1 Diving into Programming

Computer science (CS) education at schools is supposed to “introduce the fundamental concepts of computer science” (CSTA, [1]) and foster computational thinking [2], which includes abstraction, modeling, problem solving and creating algorithms using formal language. In contrast to information technology (IT) education, computer science education is not just about using digital tools but about designing software [1]. Programming (the skill of writing a program to a given task) is considered as a new literacy [3] and an important part of general education, since it is creative, constructive and precise [4].

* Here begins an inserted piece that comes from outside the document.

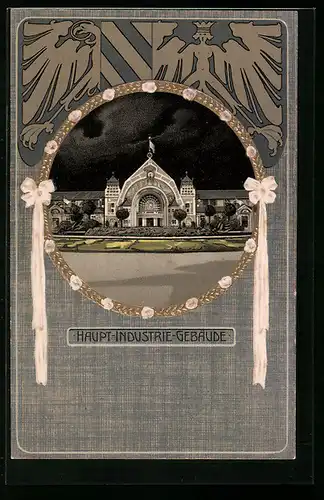 Präge-AK Nürnberg, Jubiläums-Landes-Ausstellung 1906, Haupt-Industrie-Gebäude bei Nacht, Wappen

Programming is a problem solving activity and implies a transfer of knowledge to new scenarios. Among other cognitive operations [5], transfer in problem solving requires recognition (of an analogue problem or a well known general pattern), abstraction (finding general structures by focusing the important aspects), mapping (relating familiar concepts to a new scenario), flexibility (in applying a general pattern on a special scenario) and embedment (combining elements to a whole program). Developing programming skills means practicing knowledge transfer by writing programs and solving similar tasks again and again. Consider this programming task:

“Last rainy day. Develop a program for which the input is 365 integers indicating the amount of rain in each day of the year; and the output is the (index of the) last rainy day.” [6].

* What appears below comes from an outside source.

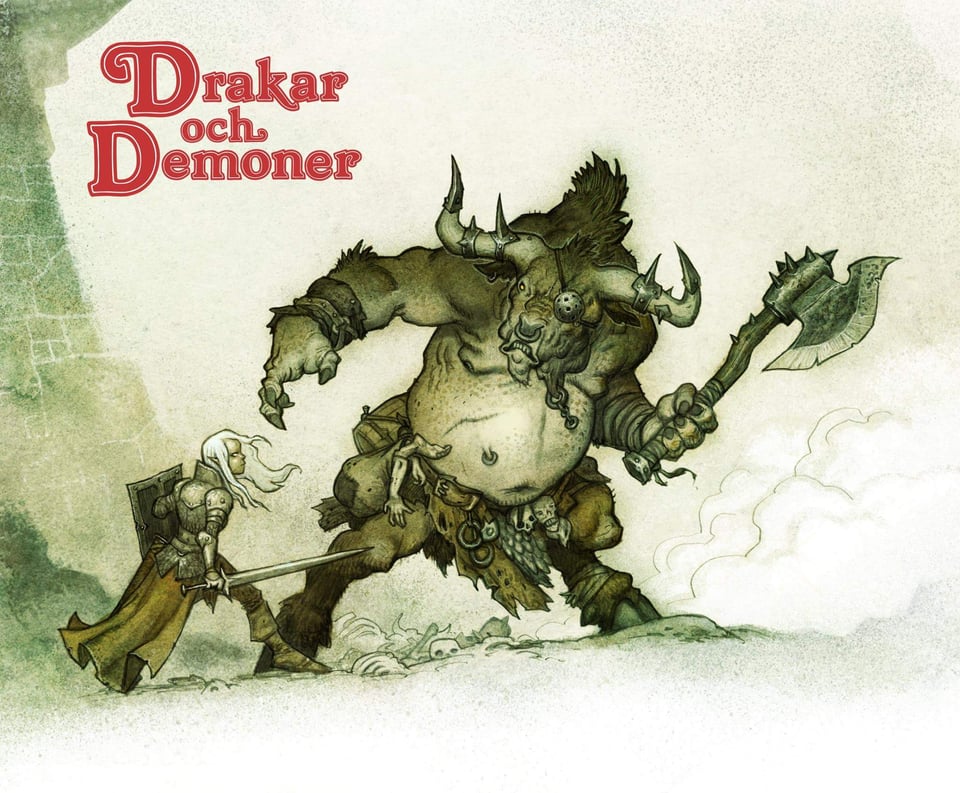 An Elf takes on a bull headed demon with a large axe in Drakar och Demoner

The solution is a special variant of a general pattern, a “max computation”, in which all elements of a sequence have to be compared to a given value and a variable eventually must be updated depending on the result of this comparison. Out of 95 Israeli 11-graders, 69 (73 %) were able to solve this task without any help after one year of Java programming. [6] assume, that the others (23 %) had difficulties in flexibility and failed to customize a general pattern to the specifics of a new situation. I mention this example just to illustrate that writing a program from scratch without external help is not easy and requires a lot of training and experience. It is a competence that is developed gradually in many exercises. Typical tasks for practicing contain short and precise descriptions of pre- and post-conditions, which make it possible to check the correctness of the solution. For each concept (algorithmic patterns, language constructs) there are many variants of tasks embedded in scenarios from different domains. Diversity is important (to practise transfer-related operations) but the domains can be chosen rather arbitrarily. For practising search algorithms it does not matter, what to search – the last rainy day in a sequence of weather documents or the last phone call from Anna in a collection of telephone call metadata.

Computer science topics listed in curricula represent the teachers’ perspective: “To be well-educated citizens in a computing-intensive world and to be prepared for careers in the 21st century, our students must have a clear understanding of the principles and practices of computer science.” (CSTA) But these “principles and practices” – as such – are not necessarily interesting for high school students. For example in Germany the requirements for final high school exams include topics like object oriented programming (classes, inheritance, polymorphism, UML) and finite state automata. Probably most 15 or 16 years old students, who have to decide whether or not they take CS classes, do not even understand what these terms mean.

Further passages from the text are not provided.